1
votes

I have two Spark Dataframes.
DataFrame A:

Col_A1     Col_A2  
1      ["x", "y", "z"]  
2      ["a", "x", "y"]  
3      ["a", "b", "c"]

DataFrame B:

Col_B1  
"x"  
"a"  
"y"

I want to check which entries of dataframe A has, say, "x" of Dataframe B in its Col_A2 and it return it as new dataframe itself. Repeatedly I want to do the same for rest of the entries of data frame B.

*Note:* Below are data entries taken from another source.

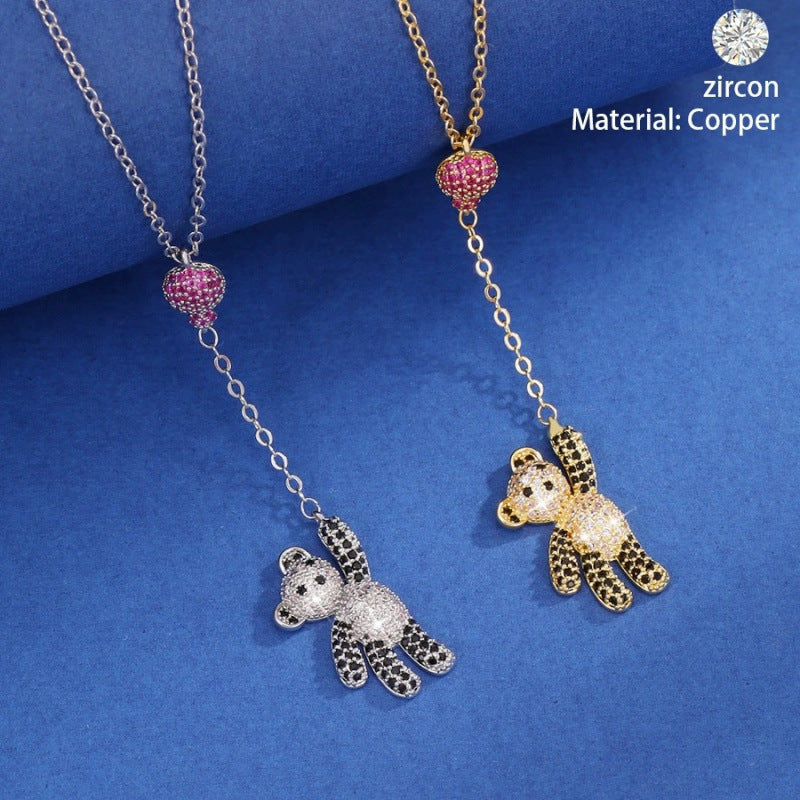 Cute Gold Balloons Necklace For Women Featuring Golden Plated Copper With Durable Cable Chain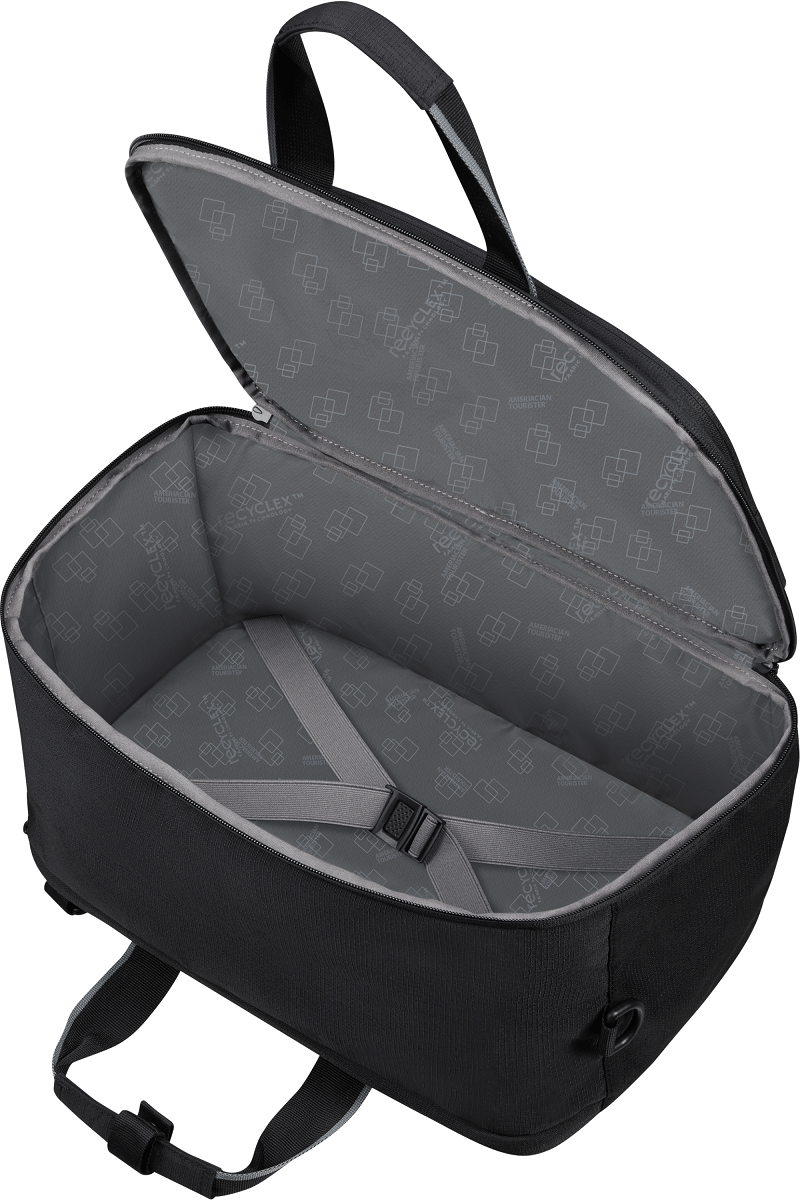 American Tourister Borsa Zaino Nylon Nero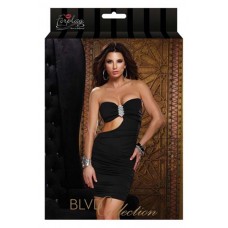 Sexy tube dress with sidecutout black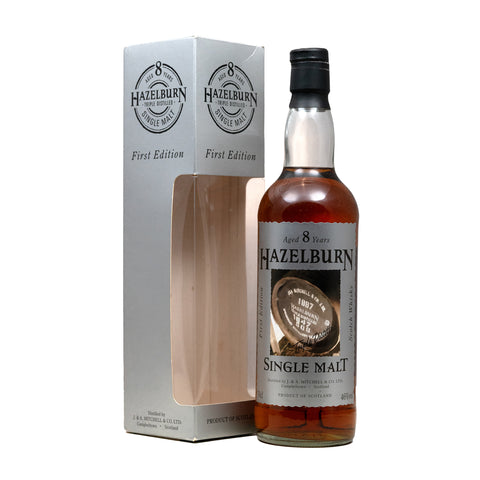 Hazelburn 8 Year Old First Edition Barrel Label 46%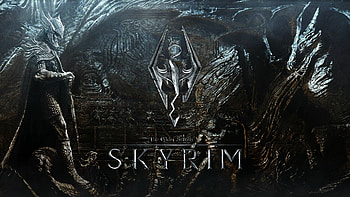 Skyrim , Art, Elder Scrolls V, Sky HD wallpaper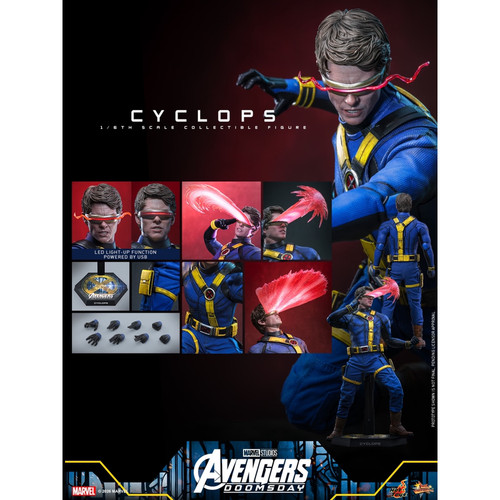 预订HOTTOYS HT 1/6《复仇者联盟5.毁灭之日》镭射眼MMS908普通版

Output needs to be something like:

DataFrame A_x:

Col_A1     Col_A2  
1      ["x", "y", "z"]  
2      ["a", "x", "y"]

DataFrame A_a:

Col_A1     Col_A2  
2      ["a", "x", "y"]  
3      ["a", "b", "c"]

Dataframe A_y

Col_A1     Col_A2  
1        ["x", "y", "z"]  
2        ["a", "x", "y"]

I tried using udfs and map function, but didn't really get what I'm looking for. Thanks in advance.

1
Is it feasible to collect() dataframe B, or is it so big that it would be prohibitive? - desertnaut
Answer not useful?? - desertnaut

1 Answers

3
votes

If your dataframe B is small and can be collected to a list, plus that the number of its distinct values is small, you could write a simple UDF for each of its elements [UPDATE: see end of post for an easier way]; here is an example for 'x':

spark.version
# u'2.2.0'

from pyspark.sql import Row

df_a = spark.createDataFrame([Row(1, ["x", "y", "z"]),
                              Row(2, ["a", "x", "y"]),
                              Row(3, ["a", "b", "c"])],
                              ["col_A1", "col_A2"])

@udf('boolean')

def x_isin(v):
  if 'x' in v:
    return True
  else:
    return False

temp_x = df_a.withColumn('x_isin', x_isin(df_a.col_A2))
temp_x.show()
# +------+---------+------+
# |col_A1|   col_A2|x_isin|
# +------+---------+------+
# |     1|[x, y, z]|  true|
# |     2|[a, x, y]|  true|
# |     3|[a, b, c]| false|
# +------+---------+------+

df_a_x = temp_x.filter(temp_x.x_isin==True).drop('x_isin')
df_a_x.show()
# +------+---------+ 
# |col_A1|   col_A2|
# +------+---------+
# |     1|[x, y, z]|
# |     2|[a, x, y]|
# +------+---------+

UPDATE (after Marie's comment):

Thanks to Marie for pointing out the array_contains function - now you indeed do not need a UDF to build temp_x:

import pyspark.sql.functions as func

temp_x = df_a.withColumn('x_isin', func.array_contains(df_a.col_A2, 'x'))
temp_x.show() # same result as shown above